L’amour chez les autistes
Jusqu’a 3 novembre, la bibliothèque de la maison culturelle et communautaire de Montréal Nord exposera les photos de Lucila Guerrero. Avec son projet « Aimer dans l’imbroglio », l’artiste montre que les autistes aussi savent aimer.
Soutenue par le Conseil des Arts du Canada, Lucila Guerrero, souhaitait réaliser une exploration des relations et sentiments interpersonnels chez les autistes. Son but affiché était de briser les idées reçues. L’artiste, elle-même autiste, veut avec cette exposition de photographies en noir et blanc montrer l’amour que les personnes autistes ressentent et donnent. « Avec ce projet je voulais démystifier l’autisme, briser les croyances qui font penser aux gens que les autistes ne savent pas aimer et veulent s’isoler. » explique Lucila. Pour son projet, la photographe a lancé un appel sur les réseaux sociaux où elle est très présente. Elle a aussi fait passer son message auprès des familles d’autiste qu’elle connait. Ils ont été nombreux à lui répondre: « J’ai trouvé beaucoup d’amour mais aussi beaucoup de souffrance, celle d’être seul. »
Le flou des sentiments
Lucila a photographié les autistes dans un lieu qu’ils avaient choisi. Elle n’a pas voulu faire poser ses sujets, mais a préféré les laisser vivre normalement en essayant de faire oublier sa présence, pour capter le moment le plus authentique possible. Au fil de ses rencontres, elle a observé toutes formes d’amour; l’amour de soi, celui de sa famille, l’amitié mais aussi l’amour spirituel.

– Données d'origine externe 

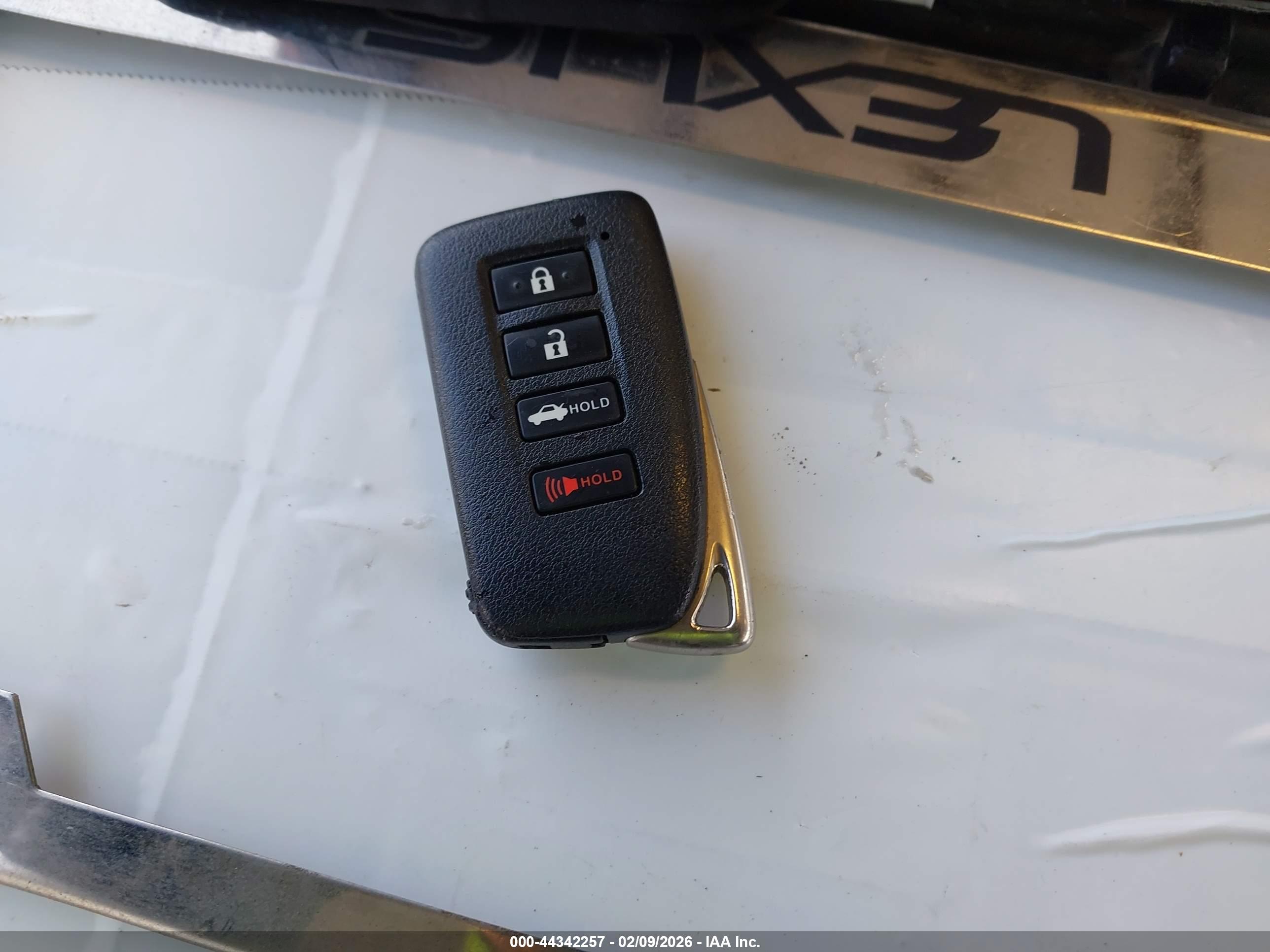 LEXUS GS image 11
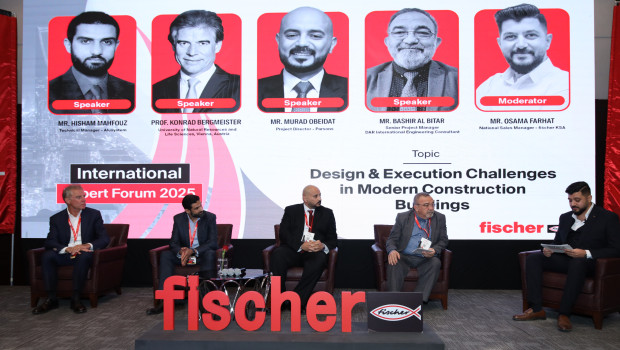 Branchenexperten tauschten sich bei einer Podiumsdiskussion&nbsp;über Herausforderungen bei der Planung und Umsetzung moderner&nbsp;Bauprojekte aus.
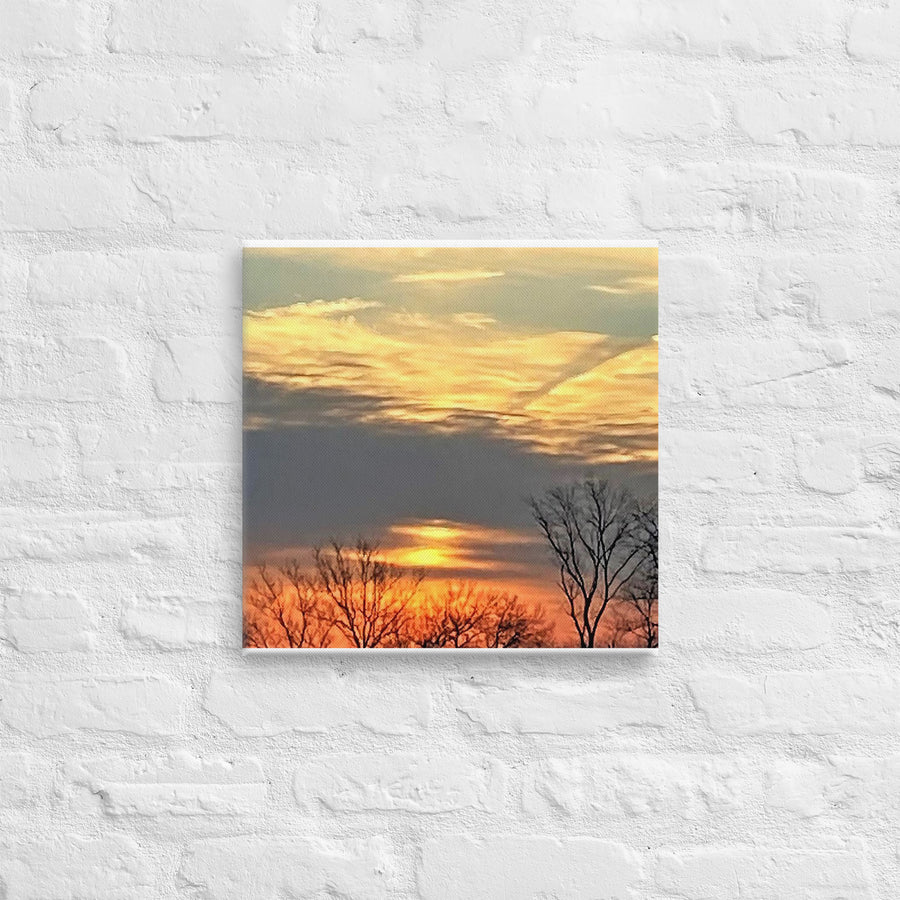 Sunrise below clouds - Canvas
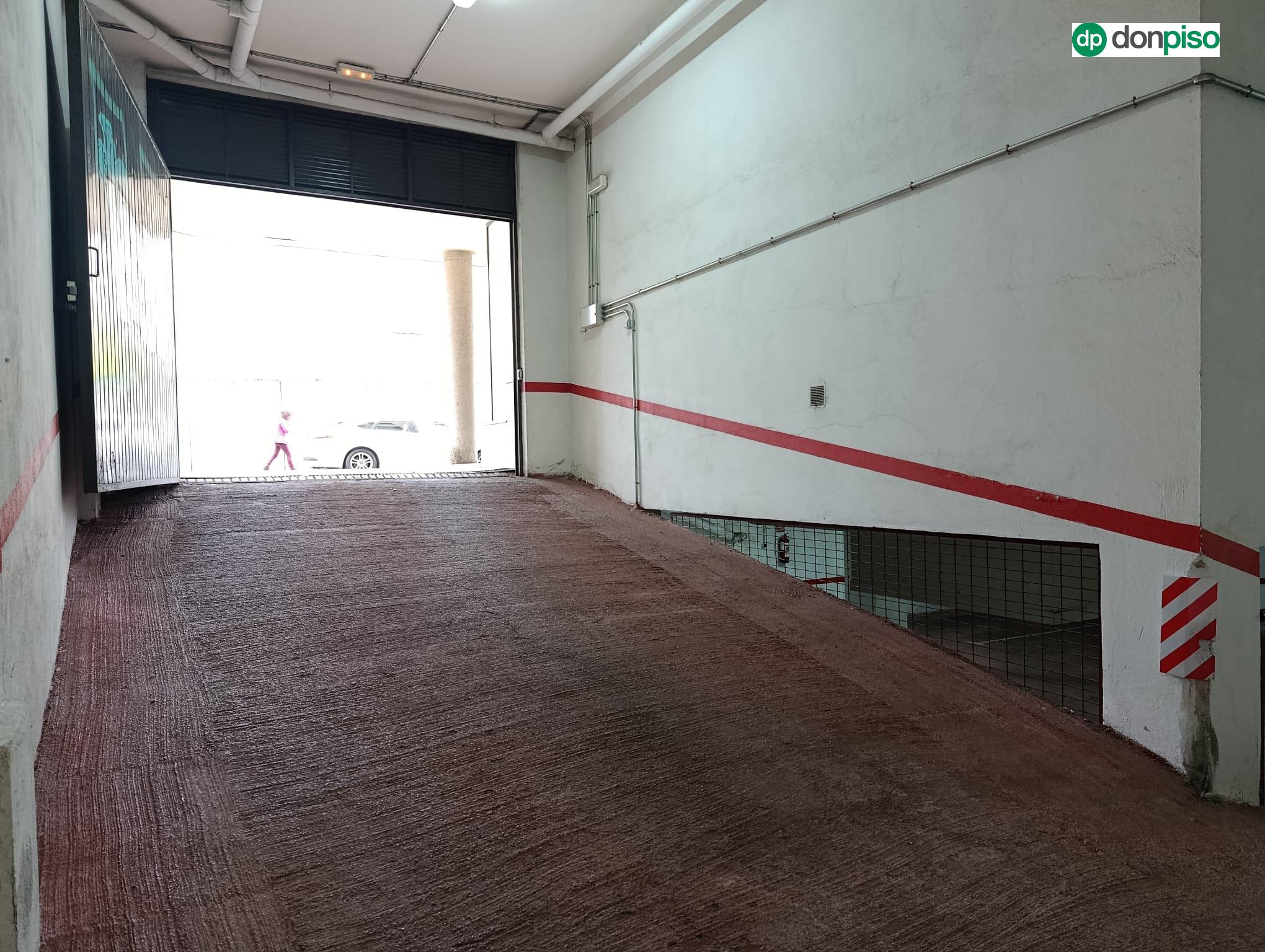 Imagen 11 Parking Coche en venta en Salamanca / Junto a la Alamedilla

Si le travail de l’artiste en arts visuels est souvent empreint de flou, c’est simplement pour symboliser ce qu’elle-même ressent en tant qu’autiste. « Aimer dans l’imbroglio est le titre de l’exposition mais aussi la façon dont je ressens ce sentiment de l’amour. Je suis la fille qui aime dans le flou. Je ne suis jamais certaine d’avoir compris ce que l’autre personne est en train de ressentir. Si on ne me dit pas clairement ‘je suis content’ ou ‘je suis fâché’, je ne vais pas être sûre. »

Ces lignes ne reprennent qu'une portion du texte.